Jim Marshall, a polymathic scholar who has devoted over 50,000 hours to the study and practice of multiple dimensions of human potential and development, shares how to achieve your goals faster and easier. Marshall is the author of the breakthrough book Septemics.
For interested readers, Septemics can be found at the author’s website Septemics.com or Amazon.
The data in this book are vital for every human being, and can help you to achieve your goals faster and easier, by explaining what might otherwise seem to be inexplicable or random. If someone were to invite you to a rendezvous, you would certainly expect him to tell you the exact location, and perhaps also how to get there. Needless to say, it is very difficult to get somewhere if you don’t know where you are, don’t know where you are going, and don’t know how to get to your destination. This sounds idiotic, but most people do this regularly.
For example, When I started driving extensively, long before the proliferation of GPS units, I was surprised to learn how many people did not know (geographically) precisely where they were, nor exactly how to get there. More often than not, my request for directions to the location of the person on the other end of the telephone was requited by vague and often inaccurate instructions, which often did more harm than good.

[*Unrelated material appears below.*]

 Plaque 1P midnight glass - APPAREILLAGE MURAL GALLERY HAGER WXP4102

I learned to ask only for the address, which many could not give anyway, and then look it up on a good map.
If this is so with physical locations, it is even more so with conceptual locations, because they are abstract. Most people wander through life aimlessly, so much so that it is considered “normal.” Whether discussing politics, career, romance, finances, health – you name it – most people do not know where they are, where they are going, nor how to get there. If you want to improve your or another’s condition, these scales are very useful, because each scale is a roadmap for some area of human activity. It enables you to find out precisely where you are, where you are going, and how to get there, given some specific context. There are very few human-behavioral contexts to which at least one of these scales does not apply.

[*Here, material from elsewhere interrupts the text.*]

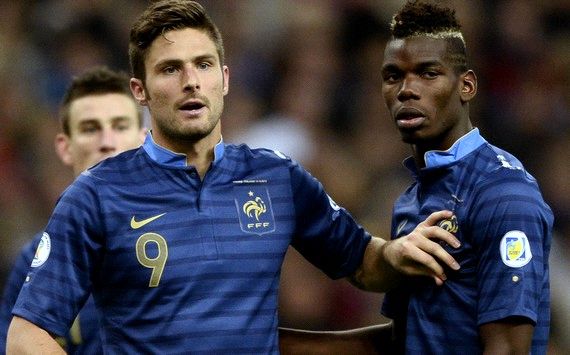 OLIVIER GIROUD PAUL POGBA FRANCE FINLAND 2014 WORLD CUP QUALIFIER 10152013
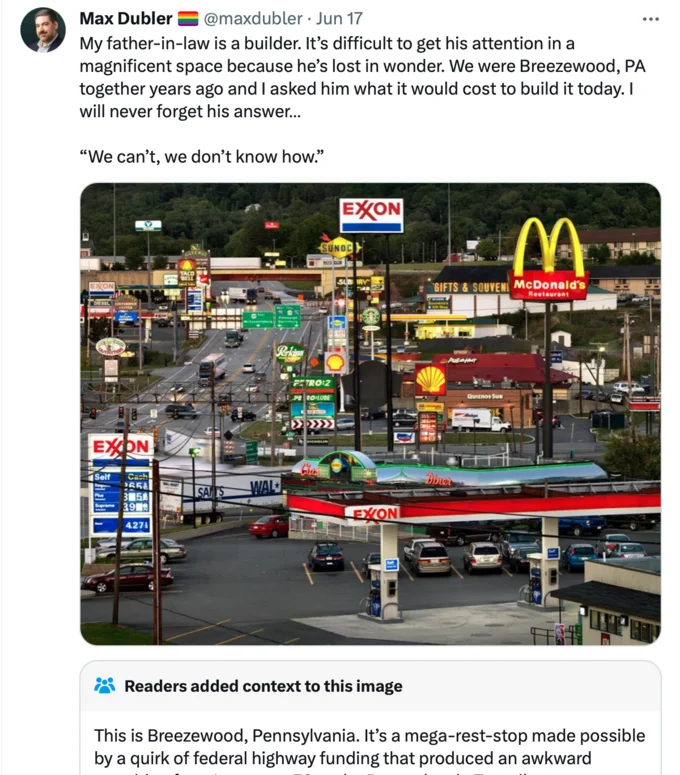 My Father-In-Law Is A Builder — Max Dubler parody tweet with father-in-law quote over photo of Breezewood PA strip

If you have the world on a string, and cannot envision any storm clouds on the horizon, then you do not need this book. However, I have not met anyone who fits that description.

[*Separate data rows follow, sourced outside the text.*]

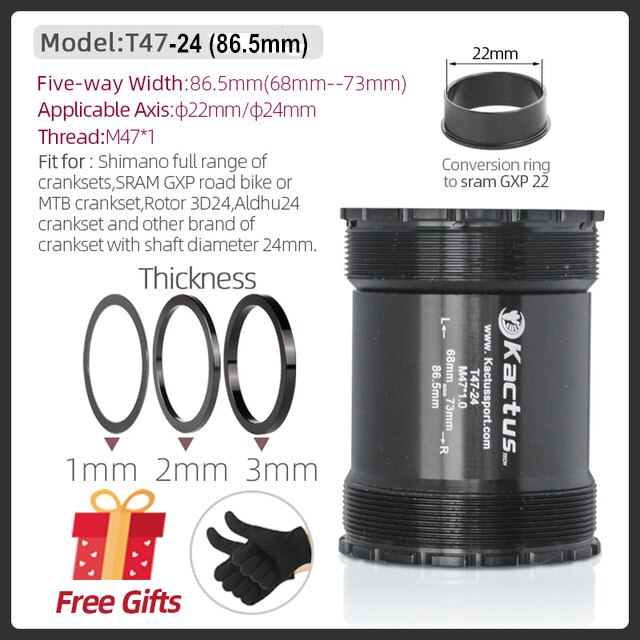 Kcactus – chariot de support de pédalier fileté T47-24/22mm, adaptateur, mouvement Central pour SRAM GXP/ Shimano /Terk Emonda SL5: T47-24(86.5mm) BLACK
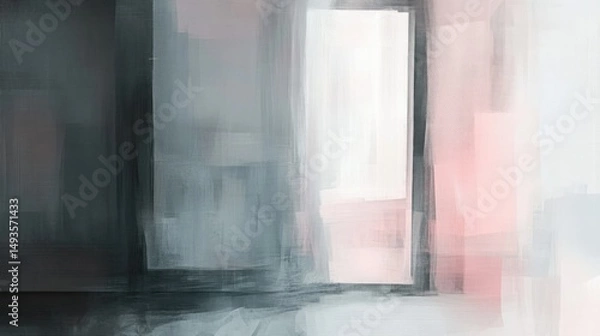 Obraz Abstract painting in gray, white, and pink hues for modern design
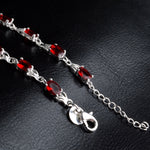 Bracelet femme élégant rubis trempé (rouge+argent)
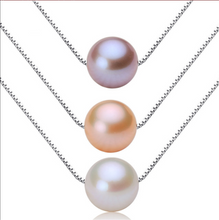 Load image into Gallery viewer, 925 Sterling Silver Necklace Floating Black Pearl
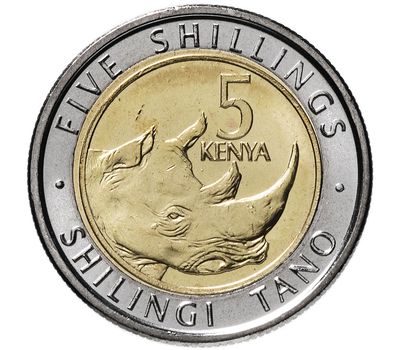  Монета 5 шиллингов 2018 «Носорог» Кения, фото 1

Each of these scales dispels confusion by orienting the person in his situation. Confusion is the result of disorientation. Consequently, when a person “knows where he stands,” he can think much more clearly about that area. These scales facilitate the ascertainment of your present location or condition, your immediate objective, and the pathway to achieve it, in some given context. No matter where you are, nor where you are trying to go, these scales can help you arrive more swiftly, and less painfully.
You can use this book by finding your level (present location) on the appropriate scale, which also tells you the next level up (immediate destination), and the next level down (where you will wind up if you fail), and puts it all in the context of where you have been and where you are headed.
An extremely useful datum of Septemics is that one can only move to the level immediately above or below. Next to not knowing what level one is at, the most common failing in life is attempting to move to a level that is not adjacent to the level one is occupying. It is always impossible to skip a level. One might go through a level swiftly, easily or without realizing it, but one went through nevertheless.